Scaling Keras Model Training to Multiple GPUs

Originally published at: https://developer.nvidia.com/blog/scaling-keras-training-multiple-gpus/

Keras is a powerful deep learning meta-framework which sits on top of existing frameworks such as TensorFlow and Theano. Keras is highly productive for developers; it often requires 50% less code to define a model than native APIs of deep learning frameworks require (here’s an example of LeNet-5 trained on MNIST data in Keras (71 lines) and TensorFlow…

The following code works for me. Simply drop the code in and it's good to go. As far as I can tell it only scales on a single box, not a distributed cluster.

https://github.com/kuza55/k...

https://github.com/fchollet...

https://medium.com/@kuza55/...

@nor_he:disqus Yes, these approaches do work. In fact, I did mention this in the blog post. Recall the following sentence:

"Keras’s official blog also demonstrates that by breaking the backend-independent abstraction and exposing TensorFlow’s multi-GPU primitives, it’s possible to get Keras to scale. "

There was also a hyperlink associated with the above: https://blog.keras.io/keras...

The main problem I see here is that this requires the user to mix the interface (Keras) with the implementation ("with tf.device()" wrappers), which effectively makes the code non-portable to other backends.

The simplest analogy that I can see here is the SLF4J logging wrapper (Simple Logging Facade for Java).

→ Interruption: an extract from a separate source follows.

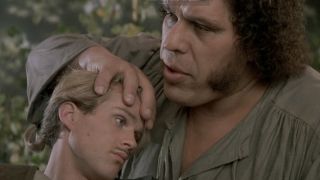 Fezzik holding westley's head in The Princess Bride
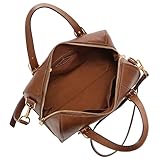 Fossil Women's Carlie Leather Mini Satchel Purse Handbag, Brown (Model: ZB1856200)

The user only need to concern themselves with writing API calls using the facade, and can keep swapping backends (log4j, java.util.logging, logback) at will. Also thinking in terms of object-oriented programming, having an interface shouldn't require the user to look into the implementation, which "with tf.device()" requries us to do.

Granted, the GPU list provided to Keras's model.compile() only works in the MxNet Keras fork now, but I would argue that this is the right approach. The change has been made at the interface level, which will hopefully soon become absorbed into mainstream Keras, and it's the Keras backends' job to detemine how to make multi-GPU data parallelism happen. That way one can have one abstraction that's stable, and can swap out the backends while maintaining a portable multi-GPU solution.

The second issue I mentioned in my post is that TensorFlow performance varies widely, e.g. the difference between this ResNet-50 tutorial implementation (https://github.com/tensorfl... and this performance-optimized implementation (https://github.com/tensorfl... is about 2x on a DGX-1. Since TensorFlow has many ways of doing the same thing, it can't always be expected that a highly abstract implementation will be fast, even if the backend can support that. MxNet's approach is usually to have one "mainstream" way of doing a particular thing, so it is easier to map the Keras frontend to the MxNet backend while keeping performance reasonably close to that of the native API.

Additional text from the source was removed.